First, the company is approaching the service from a supply chain visibility software background. Overhaul’s business is to provide actionable insights and visibility into enterprises’ supply chains, using software tools to aggregate data from enterprise software systems, telematics devices, and any other forms of data that a company might have available. While supply chain visibility data aggregators frequently enable ingesting data directly from some IoT devices, or doing so after the data are already in a device cloud, Overhaul actively supports deploying and managing the IoT within its customers’ supply chains, taking a more proactive approach to problem-solving for the customer. This involves taking on the complexity of understanding the IoT ecosystem and sourcing devices, allowing its customers to focus purely on the desired outcome.
Second, Overhaul’s focus on device agnosticism is a step beyond what any supply chain visibility company currently offers. When offered today, device deployment, logistics, and management tend to be tied to a proprietary hardware and software offering, as with Roambee or Controlant. More and more frequently, vendors with a supply chain visibility platform are opening their software to third-party hardware, but there is a significant gap between ingesting devices from third-party hardware and pre-qualifying, pre-integrating, and managing the logistics of the devices deployed by their customers.
Overhaul’s focus on lost device fees is interesting. In the supply chain, many connected devices—whether data loggers, electronic indicators, or tracking devices—are single-use or disposable devices. Many are not necessarily intended to be single-use or disposable, but the reality of the supply chain is that trying to get handlers at different stages of the supply chain to follow complex procedures for servicing or returning devices to where they need to be is unrealistic. As a result, the pressure for IoT device manufacturers has been on lower-cost devices and making the cost of IoT adoption in the supply chain manageable. However, single-use or “disposable” tracking devices for the supply chain today still can cost up to US$40. Even if the value of the product being transported makes this price palatable, the cost of implementing the IoT for supply chain visibility is non-negligible. A service offering for deploying, managing, and recovering devices is exactly the kind of service that an enterprise would be happy to outsource: namely, a non-critical process that would be a headache for the enterprise to manage themselves, but that, nonetheless, can significantly decrease the cost of their IoT deployments.
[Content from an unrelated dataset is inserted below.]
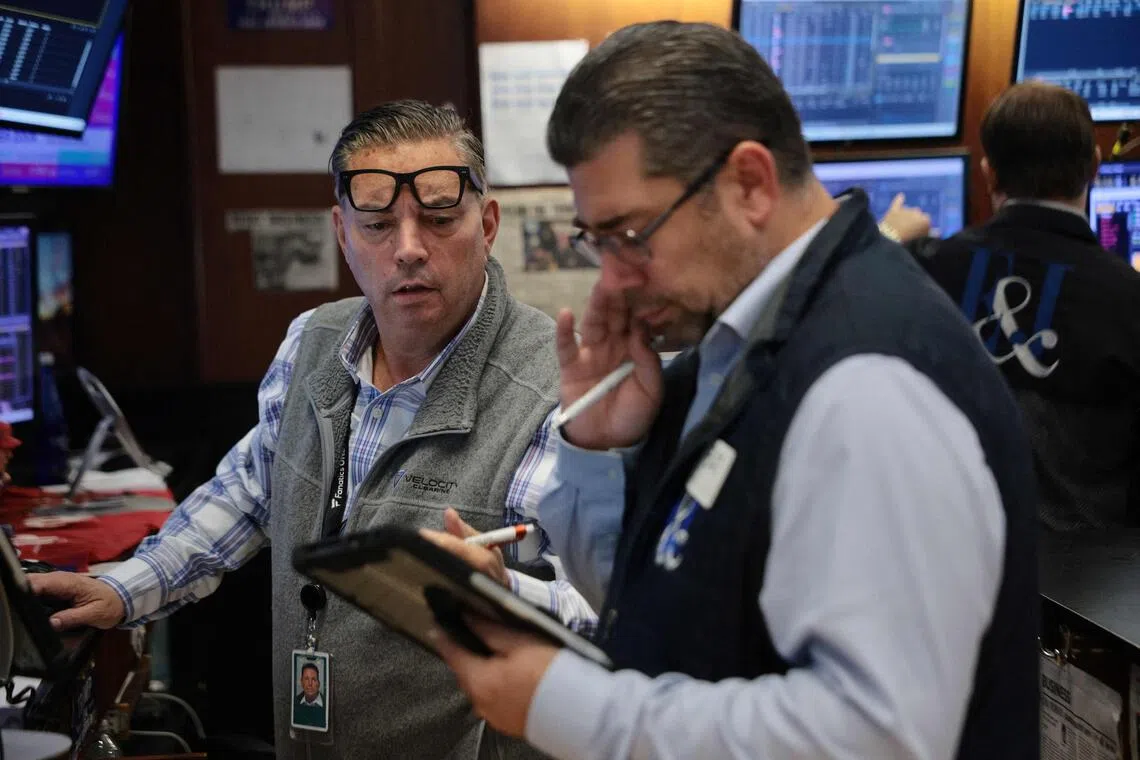 Wall Street rallies sharply as Fed official signals pause on rate hikes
Analytics Are Valuable to Software Suppliers, but Outsourcing IoT Is Valuable to the Customer
Overhaul’s IoT Assess and Deploy appears to be a further step toward simplifying IoT deployments and outsourcing supply chain visibility services, allowing customers to focus purely on their internal critical processes, rather than requiring additional internal teams to work this out. Beyond providing clear benefits to customers, the service also enhances the “stickiness” of the rest of Overhaul’s offering by channeling more data into its systems and making Overhaul a one-stop shop for all supply chain visibility needs.
While many companies in the supply chain visibility software market focus primarily on enhancing their data and analytics capabilities because of the revenue opportunity, it is reassuring to see an offering like IoT Assess and Deploy looking beyond the allure of software margins and instead taking in hand some of the biggest challenges of the IoT in the supply chain—namely, procurement, deployment, and performance of IoT device fleets. Of course, Overhaul is also focused on the insights it can provide through its analytics engine, which is partly what makes IoT Assess and Deploy a significant announcement, as the company bridges the gap between the vast IoT device ecosystem and the advanced analytics space.